ちょうどそのとき、エレベーターのドアが開いた。ケイさんが出てくる、と思ったが出てこない。あれ、おかしい。なんで出てこないんだ。そう思いながら乗り込み、ケイさんがいる4階へ向かった。車イスの音はまだかすかに聞こえていたが、次第に聞こえなくなっていた。

4階につき、エレベーターを降りると、とたんに鋭い声が飛んで来た。

「バカ野郎!!」

声の主はもちろんケイさんだった。怒鳴られたのはもちろん俺。

「な、なんですか」
「テメェ、毎回毎回ざけんじゃねぇよカス。役立たずの疫病神が。」

眉間に5本ほどシワをたたえたケイさんに、暴言をはかれた揚句アゴを鷲づかまれた。痛みと驚きに悲鳴をあげると、

「飲め。
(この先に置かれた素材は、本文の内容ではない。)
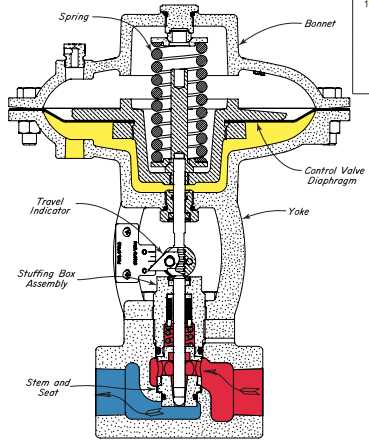 valve parts diagram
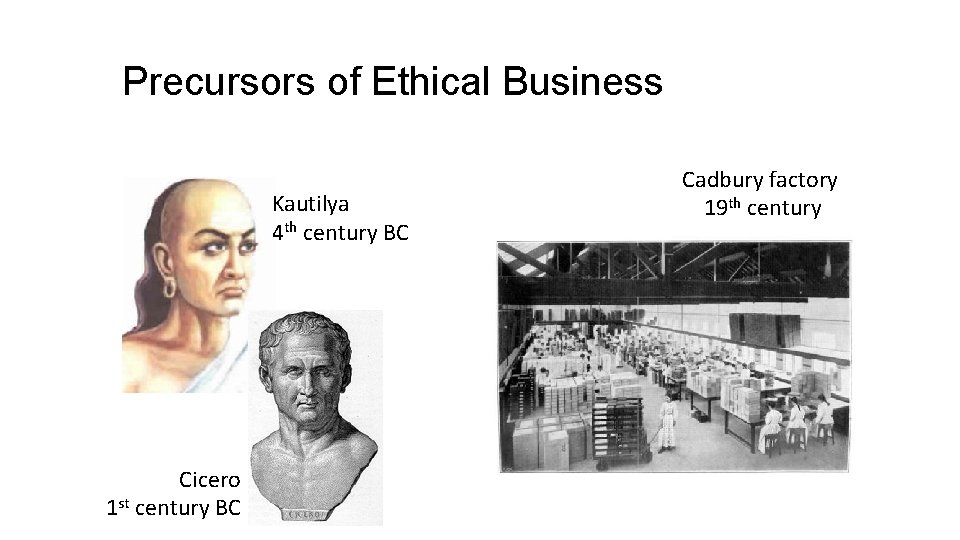 Precursors of Ethical Business Kautilya 4 th century BC Cicero 1 st century BC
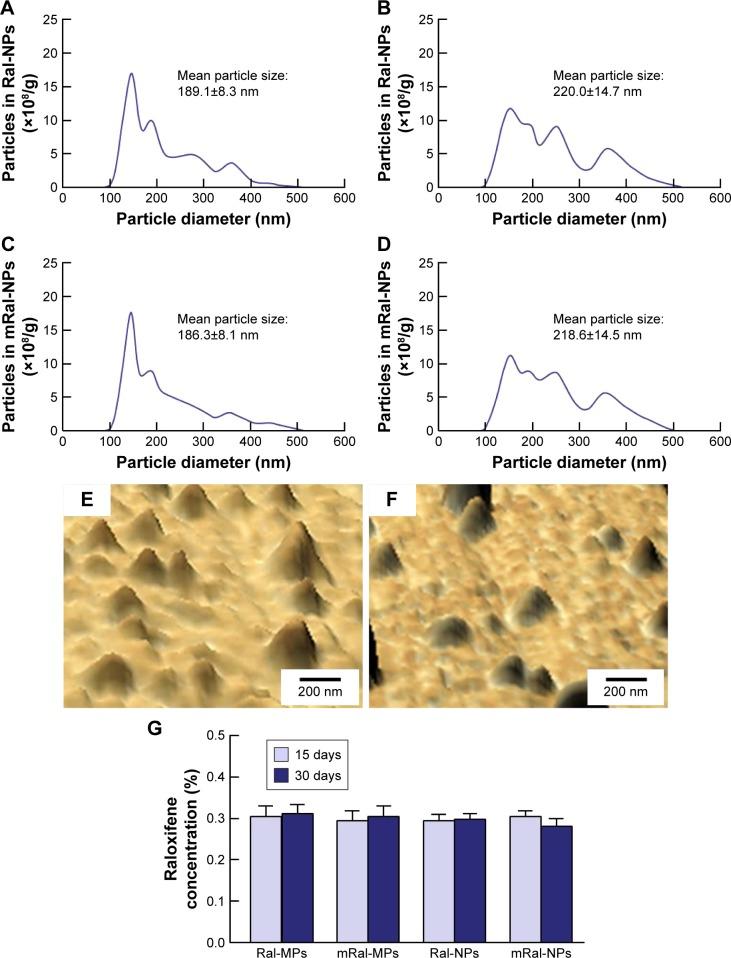 https://cdn.ncbi.nlm.nih.gov/pmc/blobs/fef7/6135211/0ce84cfae006/ijn-13-5215Fig2.jpg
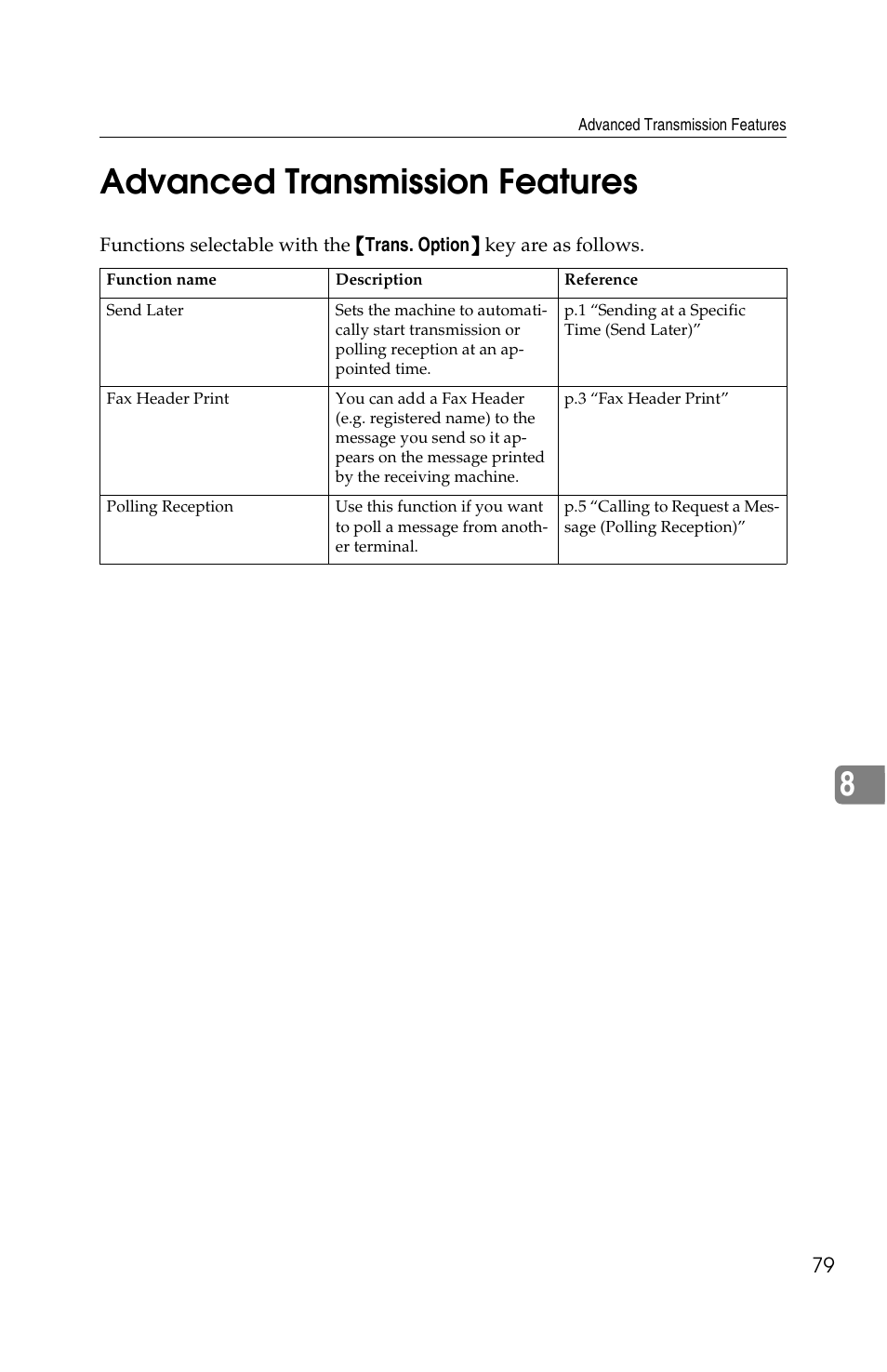 8advanced transmission features | Savin G1619 User Manual | Page 167 / 176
」

と言われてペットボトルを口に突っ込まれた。中身は日本酒らしく、嫌なツンとしたにおいがした。

「ケイさん、俺、未成年なんですけど…」

つか、職場に、しかも夜勤中に酒ってどうよ。しかしケイさんはお構いなしに言った。

「お前、ヤられやすいっつったろ。面倒臭ぇの連れてきやがって。」

サーッと血の気が引いた。

「ま、まさか」「気味悪くニタニタ笑いやがってよ。白目剥いてるわヨダレたらしてるわ口裂けてるわで。首ひっくり返ってやがるし。夢見のワリィ。」

つまり、気味悪くニタニタ笑う、白目剥いてヨダレたらして口裂けてる首ひっくり返った「何か」が俺についてきてたらしい。そして、「それ」をまたもケイさんが払ってくれた?らしい。

「お前、本当いい加減にしろ」

ケイさんは非常に不機嫌そうに頭をボリボリかきながらステーションに戻っていった。おそらく除霊の為に飲ませてくれたのであろう日本酒の残りは、ご丁寧に自分のポケットに再び忍ばせて。アル中め。

しかし、なにはともあれ俺はさりげないケイさんの優しさに感謝しながら、ケイさんに続いてステーションに入り、巡回の記事を書く為3階のカルテを手にとったそして、ずらりと並んだカルテのネームを見て気付いた。

3階には、車イスを使っている患者さんはいないことに。

痴呆はあっても、歩ける人しかいない

なら、

あ の 車 イ ス の 音 は ?

震える手でカルテを書きながら、俺は本気で転職を考えた。